If you would have told me ten years ago that Seth Rogan (one of the peripheral characters from the television shows Freaks And Geeks and Undeclared) would be one of the biggest comedy movie stars today, I’m not sure I would have believed you. [James Franco? Oh, sure. Martin Starr? Never thought he’d act again, much less anchor Knocked Up and Adventureland.]
And yet, here’s Seth Rogan in Observe And Report, a film that dares to make Rogan largely unlikable but still capable of eliciting laughs, a mainstream comedy star twisting that mainstream status quite winningly. The writer/director is Jody Hill, who made a similarly squirming comedic effort called The Foot Fist Way a few years ago, and while that film was embryonic and sporadically humorous, Observe And Report is a big professional step forward. The movie looks better, and the trade-up in star power (from FFW's Danny McBride to Rogan) works better for two reasons: it subverts our expectations of what Rogan will deliver, and Rogan’s a better actor than McBride. [See a rather emotional scene towards the end of the film, which gets profanely interrupted.]
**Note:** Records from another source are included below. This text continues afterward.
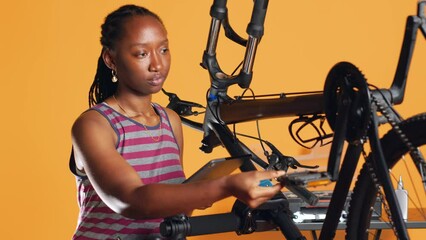 African american woman following online tutorials on tablet, learning to repair her damaged bike. Cycling hobbyist following instructions on how to do upkeeping for bicycle parts, studio background
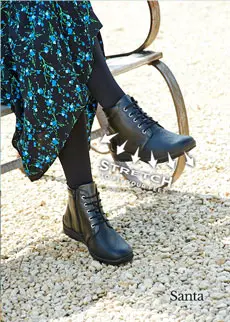 WOman wearing black boots with a dress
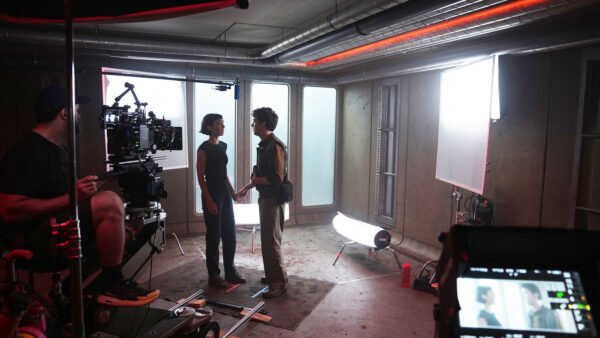 Deux acteurs se tiennent face à face sur un plateau de tournage, entourés de caméras, de l'équipe technique et de matériel d'éclairage, dans une salle au style industriel. L'énergie intense qui se dégage de la scène laisse supposer qu'il s'agit du tournage de la saison 2 d'Alien: Earth, avec Peter Dinklage qui attire tous les regards au centre de la scène.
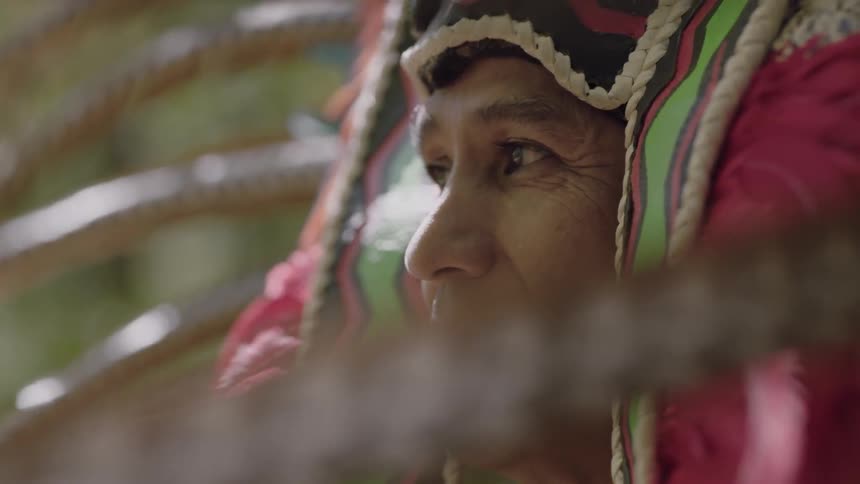 A native american man wearing a ceremonial headdress looks around at his surroundings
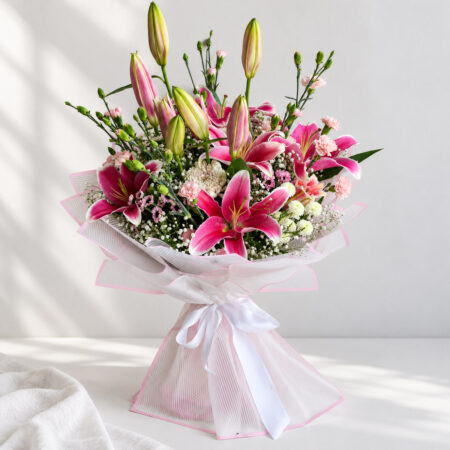 Fragrant pink lily bouquet in Bangalore with oriental lilies, spray carnations, chrysanthemums and baby's breath in white and pink wrap
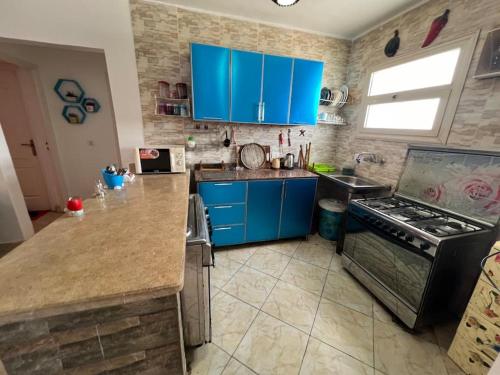 una cucina con armadi blu e piano cottura di Golden beach 2 Ras sedr Cozy chalet a Ras Sedr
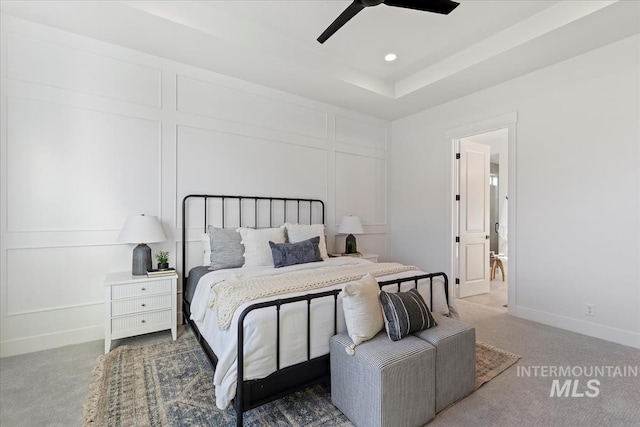 bedroom featuring ceiling fan, dark carpet, a raised ceiling, and ensuite bath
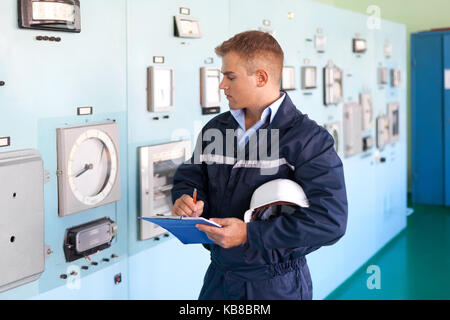 Portrait of young engineer taking notes at control room Stock Photo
There are several comedic pluses aside from Rogan (the reliable Anna Faris as the apotheosis of faux haute white trash, a darkly comic turn from Michael Peña) but the biggest bonus is the "win" at the end for Rogan's character Ronnie Barnhardt, as if Travis Bickle from Taxi Driver had a son who succeeded in his railings against society in ways that Travis could have only dreamed. And if you want a further metaphorical reach, you can also see a lot of America in Ronnie Barnhardt -- lethal, authoritarian, oddly likeable, a date rapist with compromised ideals and dark visions -- which might explain why this is Rogan's lowest grossing yet most layered box office product yet. But don't let that scare you away from the blackest comedy in years. Because if you don't watch it, Ronnie will be on your ass.